This is a follow up to yesterday’s Foolsletter.
Not that long ago, children were viewed as an asset to the family. They were labour. They were security. They were there to care for their parents when they got old. When people were making the ‘choice’ to have more children, the math, in times of plenty was simple: more = better
Born to surf / born to serve
The children were not there for their own sake. They were there to serve the family. Born to serve. What were they for? To serve. Who were they for? Their family and their community.. They were there to help. How would they do it? Through compliance. There was an inherent familial compliance that was essential for the good of society.
This has been shifting
These days, what are children for? They don’t need to work in a field. They can’t increase a family’s wealth by working in a coal mine or shining shoes on a street corner. These days young parents are bombarded by warnings of just how damn expensive it is to raise a child to maturity. Children have become in many ways both a project, source of stress and ultimately, a liability.
What are children for?
The farms and cottage industries are now gone.
The pressure for children to be compliant to family systems and hierarchies still remain.
I asked my parents when I was younger, what were they thinking when they had me? How did they come to the decision to have a child? Their response? It was just what ya did.

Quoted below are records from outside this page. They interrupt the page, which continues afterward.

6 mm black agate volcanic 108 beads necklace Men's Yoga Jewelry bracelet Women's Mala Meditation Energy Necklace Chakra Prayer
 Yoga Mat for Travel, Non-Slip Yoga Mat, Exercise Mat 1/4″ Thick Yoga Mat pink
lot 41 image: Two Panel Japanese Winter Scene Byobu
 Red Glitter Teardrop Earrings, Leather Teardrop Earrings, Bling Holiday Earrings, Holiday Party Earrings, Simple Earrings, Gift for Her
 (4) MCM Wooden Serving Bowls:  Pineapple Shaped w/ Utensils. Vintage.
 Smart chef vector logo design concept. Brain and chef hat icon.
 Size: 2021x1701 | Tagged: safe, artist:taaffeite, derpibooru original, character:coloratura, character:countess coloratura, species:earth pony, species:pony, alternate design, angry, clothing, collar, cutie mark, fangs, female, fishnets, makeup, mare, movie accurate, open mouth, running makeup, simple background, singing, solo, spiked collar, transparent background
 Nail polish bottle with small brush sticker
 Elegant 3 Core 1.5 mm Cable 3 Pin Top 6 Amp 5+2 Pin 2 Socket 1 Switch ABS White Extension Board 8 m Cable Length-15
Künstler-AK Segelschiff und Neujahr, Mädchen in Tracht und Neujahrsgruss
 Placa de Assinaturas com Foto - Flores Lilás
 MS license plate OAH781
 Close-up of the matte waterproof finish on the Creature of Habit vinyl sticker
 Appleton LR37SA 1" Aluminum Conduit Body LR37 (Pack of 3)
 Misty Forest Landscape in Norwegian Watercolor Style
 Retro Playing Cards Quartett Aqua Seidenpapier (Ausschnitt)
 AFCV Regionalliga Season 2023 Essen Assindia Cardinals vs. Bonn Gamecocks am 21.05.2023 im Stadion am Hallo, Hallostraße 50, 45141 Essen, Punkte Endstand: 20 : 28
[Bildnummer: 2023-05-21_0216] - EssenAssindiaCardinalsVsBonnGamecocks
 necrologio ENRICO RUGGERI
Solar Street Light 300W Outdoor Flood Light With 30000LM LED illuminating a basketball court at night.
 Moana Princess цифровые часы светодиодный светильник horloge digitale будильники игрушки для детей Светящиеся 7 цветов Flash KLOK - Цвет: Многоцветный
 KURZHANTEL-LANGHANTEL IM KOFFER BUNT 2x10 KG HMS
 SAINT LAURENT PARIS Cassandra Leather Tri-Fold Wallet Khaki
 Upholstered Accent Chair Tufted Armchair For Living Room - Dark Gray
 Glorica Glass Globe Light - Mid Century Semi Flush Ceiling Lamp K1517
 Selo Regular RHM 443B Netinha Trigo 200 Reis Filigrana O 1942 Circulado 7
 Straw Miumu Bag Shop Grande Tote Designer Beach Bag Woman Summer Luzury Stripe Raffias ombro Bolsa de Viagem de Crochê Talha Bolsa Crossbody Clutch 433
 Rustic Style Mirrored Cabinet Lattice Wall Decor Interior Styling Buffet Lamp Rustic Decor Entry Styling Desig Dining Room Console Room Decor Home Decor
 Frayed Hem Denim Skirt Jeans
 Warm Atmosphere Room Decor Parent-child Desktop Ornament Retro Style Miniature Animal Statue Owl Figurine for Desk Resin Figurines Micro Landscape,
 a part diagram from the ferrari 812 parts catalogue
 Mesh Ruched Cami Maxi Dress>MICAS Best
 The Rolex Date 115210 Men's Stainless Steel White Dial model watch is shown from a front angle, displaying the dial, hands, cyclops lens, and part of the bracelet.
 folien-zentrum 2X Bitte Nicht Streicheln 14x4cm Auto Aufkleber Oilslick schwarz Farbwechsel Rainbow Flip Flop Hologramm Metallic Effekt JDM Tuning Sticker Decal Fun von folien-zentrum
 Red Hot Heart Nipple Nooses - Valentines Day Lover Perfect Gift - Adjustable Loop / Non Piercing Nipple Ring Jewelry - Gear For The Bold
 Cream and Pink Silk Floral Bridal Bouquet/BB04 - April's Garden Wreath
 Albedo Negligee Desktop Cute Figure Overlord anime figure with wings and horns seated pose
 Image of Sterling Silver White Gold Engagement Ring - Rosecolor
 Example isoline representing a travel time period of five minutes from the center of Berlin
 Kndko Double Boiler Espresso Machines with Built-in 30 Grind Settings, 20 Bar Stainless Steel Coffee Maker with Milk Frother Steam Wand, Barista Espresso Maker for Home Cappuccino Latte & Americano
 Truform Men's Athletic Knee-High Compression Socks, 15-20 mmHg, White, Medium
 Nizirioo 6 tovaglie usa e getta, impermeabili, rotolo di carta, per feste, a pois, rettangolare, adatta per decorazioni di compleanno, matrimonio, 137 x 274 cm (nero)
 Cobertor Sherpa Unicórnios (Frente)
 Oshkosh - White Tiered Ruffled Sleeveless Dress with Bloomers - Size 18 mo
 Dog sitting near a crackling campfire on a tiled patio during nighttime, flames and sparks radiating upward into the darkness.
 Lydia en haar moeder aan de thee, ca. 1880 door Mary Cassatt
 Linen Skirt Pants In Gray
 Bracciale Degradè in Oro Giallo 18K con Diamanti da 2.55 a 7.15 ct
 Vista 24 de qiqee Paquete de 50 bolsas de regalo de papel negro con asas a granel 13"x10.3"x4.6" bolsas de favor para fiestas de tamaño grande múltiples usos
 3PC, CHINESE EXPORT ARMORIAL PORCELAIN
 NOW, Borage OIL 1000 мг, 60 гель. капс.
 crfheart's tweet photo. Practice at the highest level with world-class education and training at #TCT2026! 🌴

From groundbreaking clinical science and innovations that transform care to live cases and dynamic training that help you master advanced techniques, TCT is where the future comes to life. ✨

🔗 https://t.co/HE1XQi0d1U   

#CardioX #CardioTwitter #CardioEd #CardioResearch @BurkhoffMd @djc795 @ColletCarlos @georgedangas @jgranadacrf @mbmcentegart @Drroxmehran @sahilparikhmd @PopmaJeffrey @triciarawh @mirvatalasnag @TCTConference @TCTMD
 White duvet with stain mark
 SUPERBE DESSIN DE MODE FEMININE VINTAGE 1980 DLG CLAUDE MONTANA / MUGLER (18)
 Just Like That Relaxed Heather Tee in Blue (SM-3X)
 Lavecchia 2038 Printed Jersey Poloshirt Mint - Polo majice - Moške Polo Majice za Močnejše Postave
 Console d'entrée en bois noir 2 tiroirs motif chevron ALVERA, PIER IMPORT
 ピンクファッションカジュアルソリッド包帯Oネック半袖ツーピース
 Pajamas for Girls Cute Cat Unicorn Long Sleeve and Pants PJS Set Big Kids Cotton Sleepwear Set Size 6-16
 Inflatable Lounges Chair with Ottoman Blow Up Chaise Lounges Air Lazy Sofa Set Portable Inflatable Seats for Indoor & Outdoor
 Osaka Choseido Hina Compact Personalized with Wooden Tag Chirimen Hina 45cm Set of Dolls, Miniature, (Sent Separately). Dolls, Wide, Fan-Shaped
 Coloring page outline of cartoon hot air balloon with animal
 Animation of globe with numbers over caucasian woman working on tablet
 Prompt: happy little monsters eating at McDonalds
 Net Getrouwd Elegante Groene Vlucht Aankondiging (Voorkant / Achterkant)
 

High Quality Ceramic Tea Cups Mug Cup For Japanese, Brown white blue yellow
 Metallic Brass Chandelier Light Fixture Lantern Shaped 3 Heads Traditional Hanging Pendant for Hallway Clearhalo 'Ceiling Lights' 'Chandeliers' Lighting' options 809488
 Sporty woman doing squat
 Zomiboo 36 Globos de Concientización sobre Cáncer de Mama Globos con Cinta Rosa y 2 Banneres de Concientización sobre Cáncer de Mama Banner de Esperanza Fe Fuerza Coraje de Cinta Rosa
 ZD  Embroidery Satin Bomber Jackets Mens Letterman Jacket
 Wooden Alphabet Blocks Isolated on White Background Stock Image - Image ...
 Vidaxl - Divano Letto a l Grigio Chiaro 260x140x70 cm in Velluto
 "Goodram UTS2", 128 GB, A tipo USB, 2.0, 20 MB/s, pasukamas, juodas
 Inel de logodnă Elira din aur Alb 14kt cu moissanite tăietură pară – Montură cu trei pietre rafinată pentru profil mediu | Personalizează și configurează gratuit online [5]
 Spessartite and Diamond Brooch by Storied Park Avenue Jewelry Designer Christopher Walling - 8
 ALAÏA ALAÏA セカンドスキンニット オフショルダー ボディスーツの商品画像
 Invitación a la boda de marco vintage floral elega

Simple enough. And then the joke: To have someone to look after me when I get old.
Ah. My utility: Caregiver for the aged
My parents are aging. My whole life purpose is coming. My destiny. Caring for aging parents. I’m so stoked to finally live my life’s purpose.
I’ll continue with this more tomorrow…
One Derful Thing
There are few things to me as pleasurable as gliding.
Gliding is grand. I characterize it as initial effort followed by residual results.
Find ways to glide today.
As you do, say: Ahhhhhhhhhh.
How to glide?
Take a skateboard. Push twice. Get your feet on it and roll for a while.
Get a shopping cart at the supermarket.
Run. Jump and see if you can balance your weight on the handle with your feet off the ground. Glide.
No shopping cart / arm strength?
Paddle twice in a canoe.
Pretend you have a canoe.
You’re late in your career?
Glide for a bit. There will be time for effort soon enough.